California Voters Face Choice: End Death Penalty, or Speed It Up

San Quentin State prison's brand new death chamber
San Quentin State prison's brand new death chamber
HUNTINGTON BEACH, Calif. — Beth Webb remembers talking with friends at her sister’s Christmas party several years ago, wondering aloud if she would support the death penalty if someone she knew were murdered. Then, in 2011, her sister, Laura Webb Elody, was killed along with seven other people as she worked at a hair salon in nearby Seal Beach.

For weeks, Ms. Webb wanted revenge. And the local district attorney promised she would get it in the form of the death penalty. But five years later, the man who killed her sister and wounded her mother is still alive, and Ms. Webb is now helping to lead the campaign to abolish the death penalty here.

Tami Alexander has waited even longer. The man who killed her mother-in-law and sister-in-law has been on death row for more than two decades.

The death penalty has long been one of the most contentious issues in the state. Though California has executed only 13 people since the 1970s, it has sentenced hundreds to death and has more prisoners on death row than any other state. California has repeatedly been criticized for keeping those people in a suspended state for years, costing Californians billions of dollars.

There have been attempts before to reform the system — just four years ago a ballot proposition failed in its effort to abolish the death penalty entirely. Now voters are being presented with their latest choice in the matter: Should the state get out of the business of capital punishment completely or enact a plan to make executions happen more quickly?

Both proposals accept that the state’s death penalty system — which costs an estimated $150 million a year for trials, appeals and death row facilities — is broken. The state’s process is so prolonged, “with only the remote possibility of death,” that it is tantamount to cruel and unusual punishment, a federal judge wrote in a 2014 ruling, calling the system dysfunctional and arbitrary. The 747 inmates on death row remain in a legal limbo: There has not been an execution in the state since 2006, as the state’s lethal injection protocol remains tied up in the courts.
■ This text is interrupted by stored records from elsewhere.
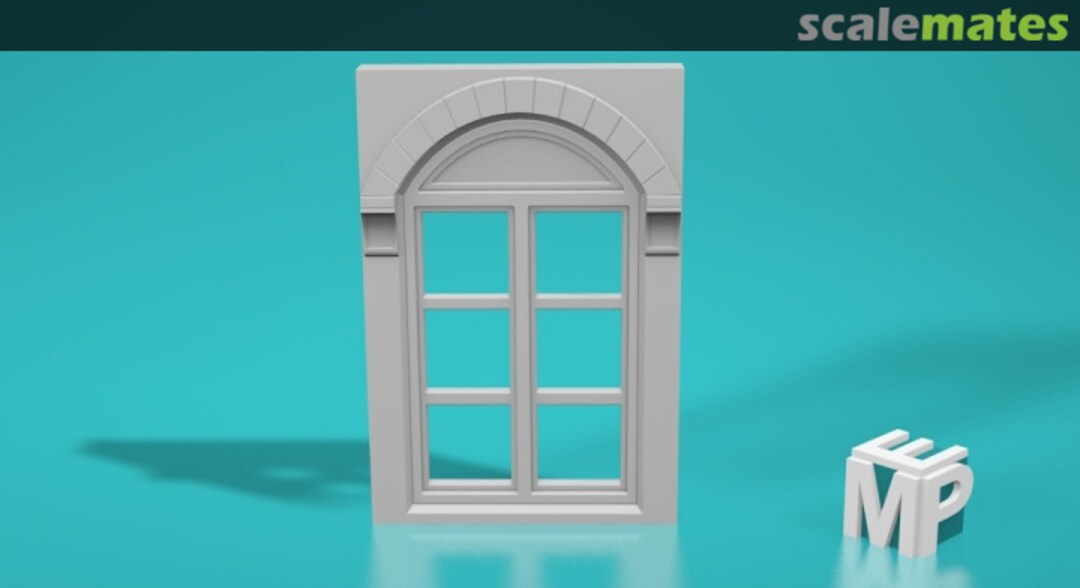 Boxart Neoclassical window - type 3B - closed 25150435 EMP3d Boxart Neoclassical window - type 3B - closed 25150435 EMP3d
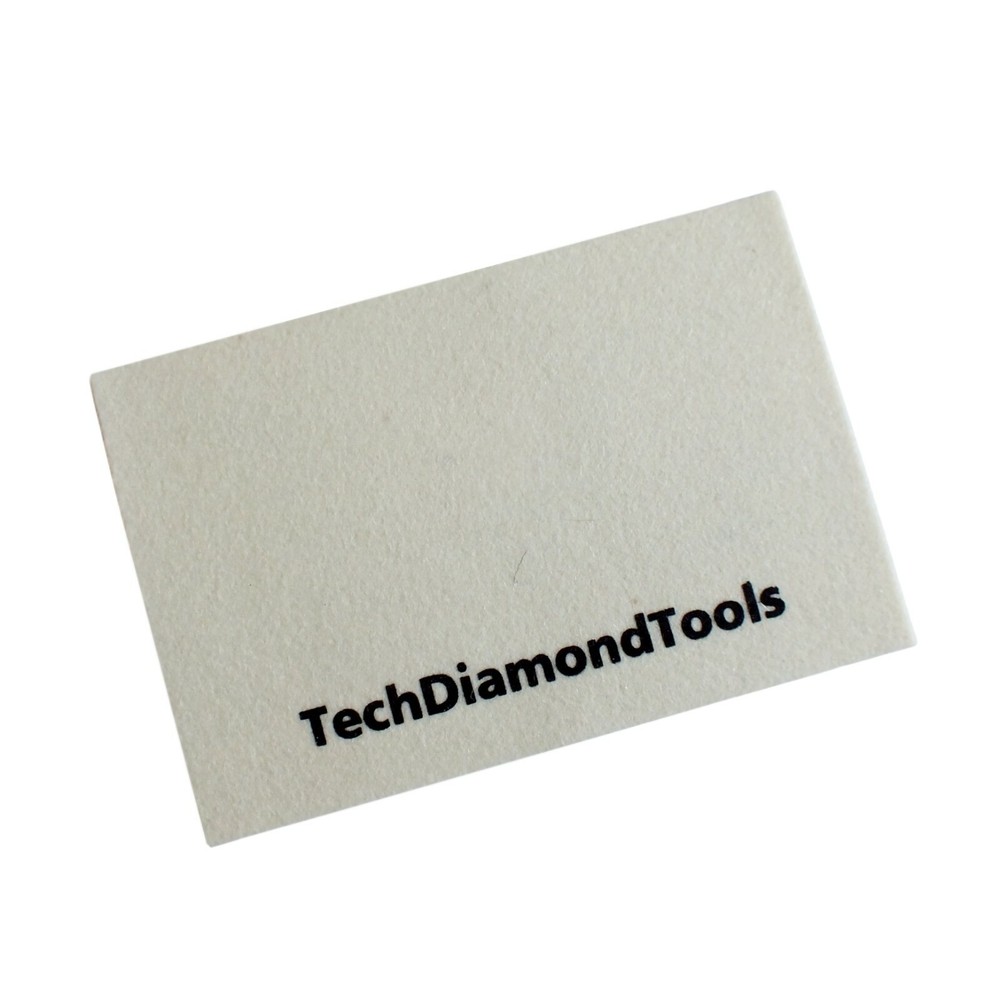 TechDiamonTools Wool Cloth for Buffing or Polishing with Paste/Powder, Black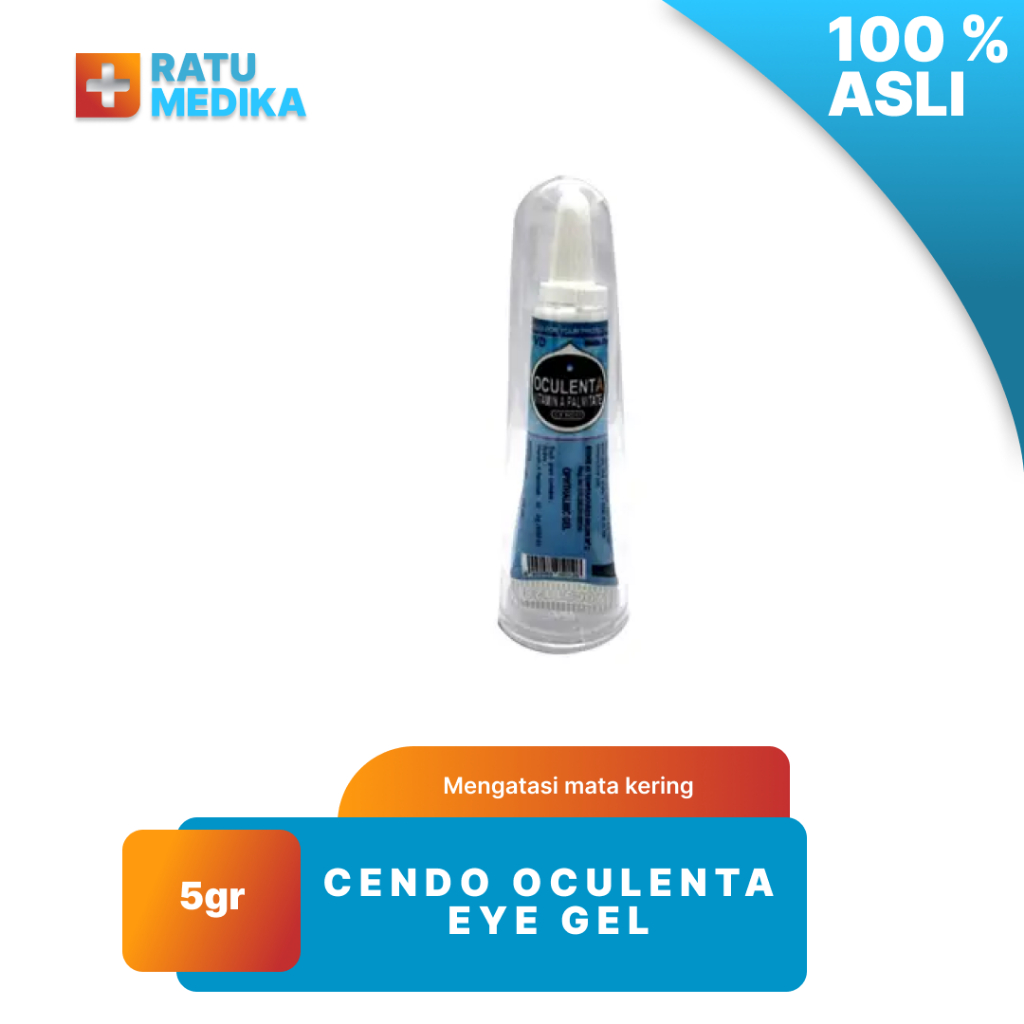 Cendo Oculenta Eye Gel 5 Gr - Gel Mata dengan Vitamin A untuk Meredakan Iritasi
This year, voters will decide between two competing ballot measures: Proposition 62, which would end the death penalty and replace it with life without parole, and Proposition 66, which would speed up the executions by accelerating appeals for inmates on death row. A victory for either side will transform the state’s system for capital punishment.
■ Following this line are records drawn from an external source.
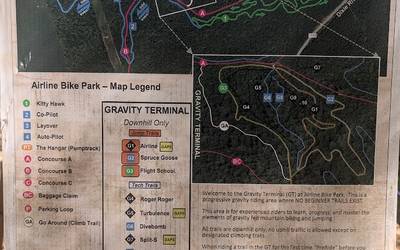 Airline Bike Park Map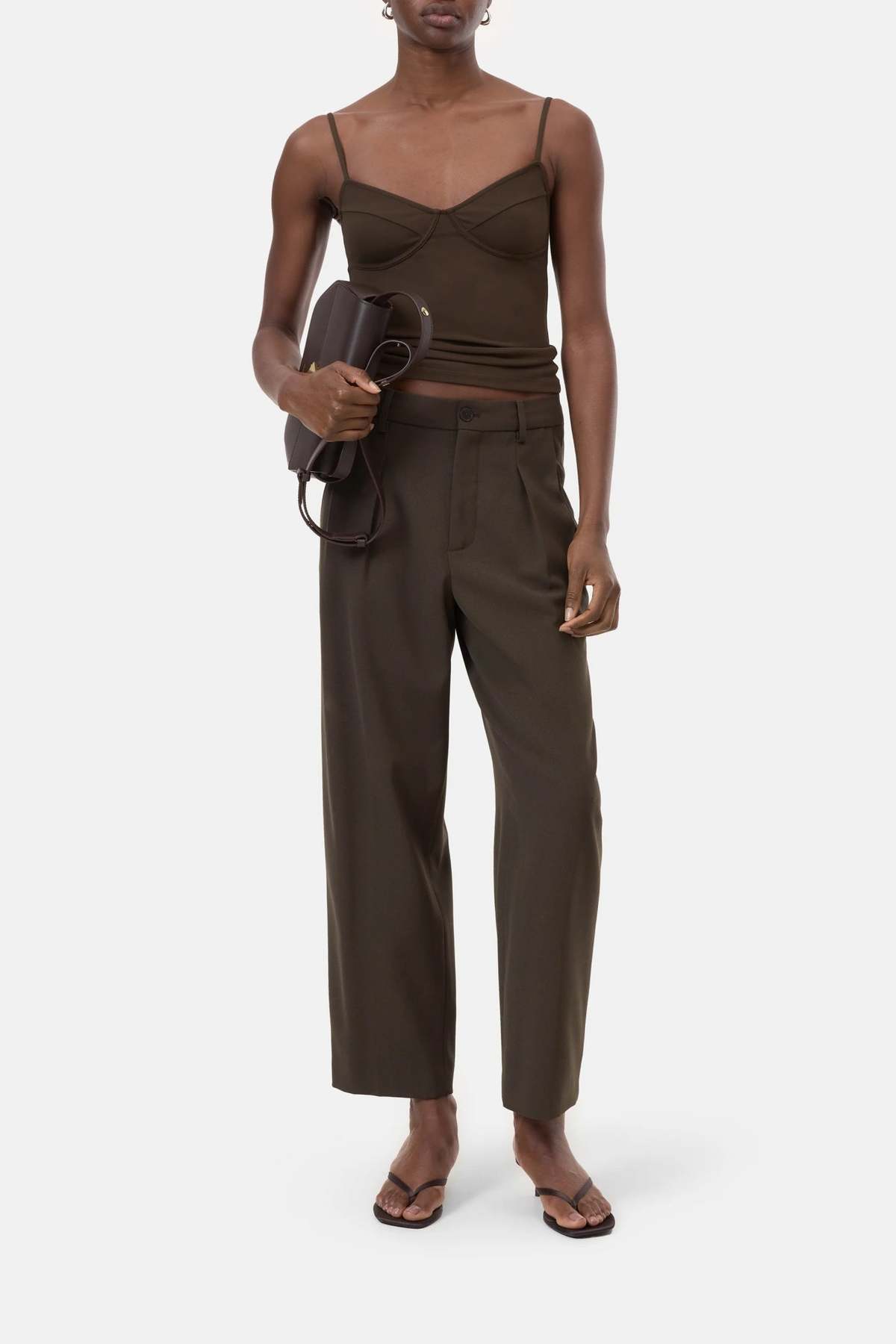 Closed Lingerie Top - Marsh Green - Image 2 of 7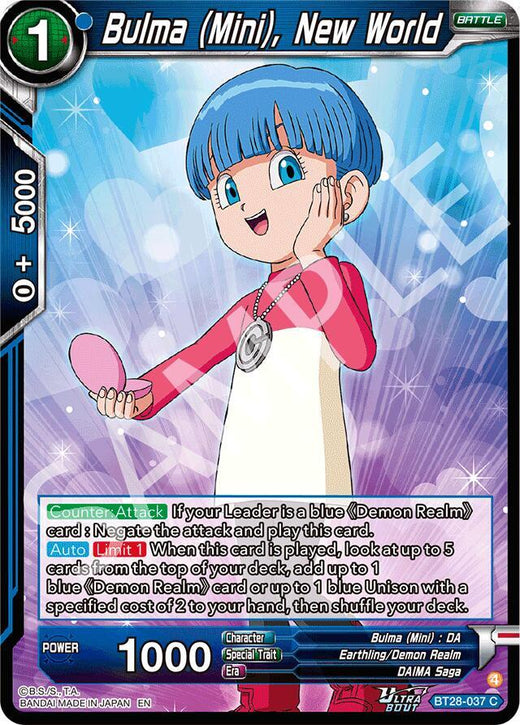 Bulma (Mini), New World BT28-037 Common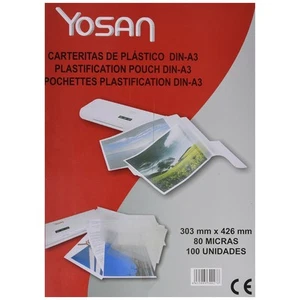 Custodie da plastificare Yosan Trasparente A3 - Imagen 1 de 1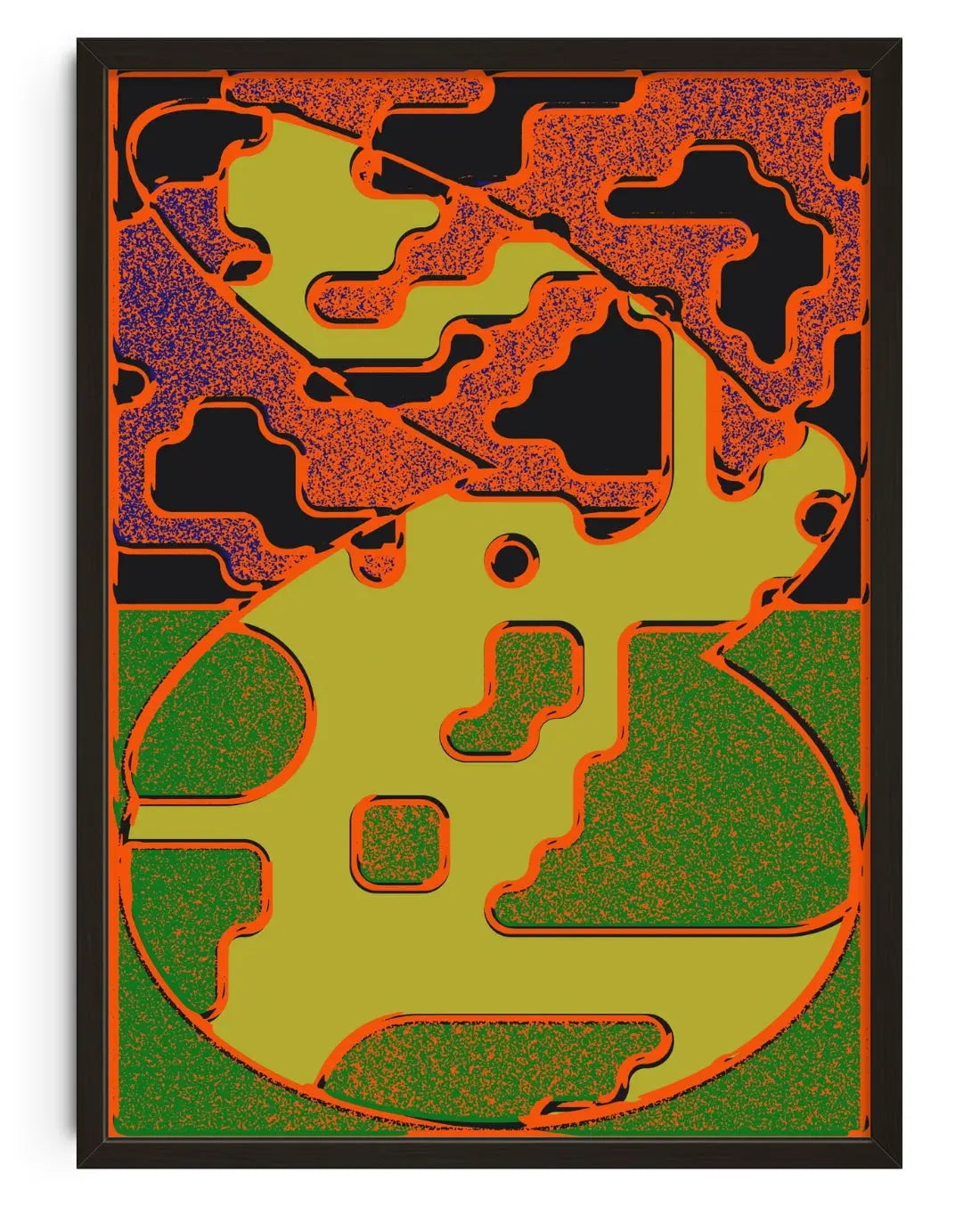 Shape & Color Study One contemporary wall art print by Casiel Checoni - sold by DROOL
When the death penalty was last on the state ballot, the focus remained primarily on money — with opponents arguing that the state was spending billions without executing anyone. In California, most inmates spend at least two decades on death row. Far more have died from natural causes or suicide than have been executed.

After the measure to repeal it lost by four percentage points in 2012, supporters of the death penalty quickly pulled together to find a way to get their proposal to voters as quickly as possible.

“We knew we needed to say to California voters as quickly as possible that we have to get this fixed,” said Mike Ramos, the San Bernardino district attorney and one of the leading proponents of Proposition 66. “Citizens are getting rightly frustrated that we are holding the worst of the worst, people who are evil, on hold indefinitely. The families would like justice, the people want justice, and what we have does not work.”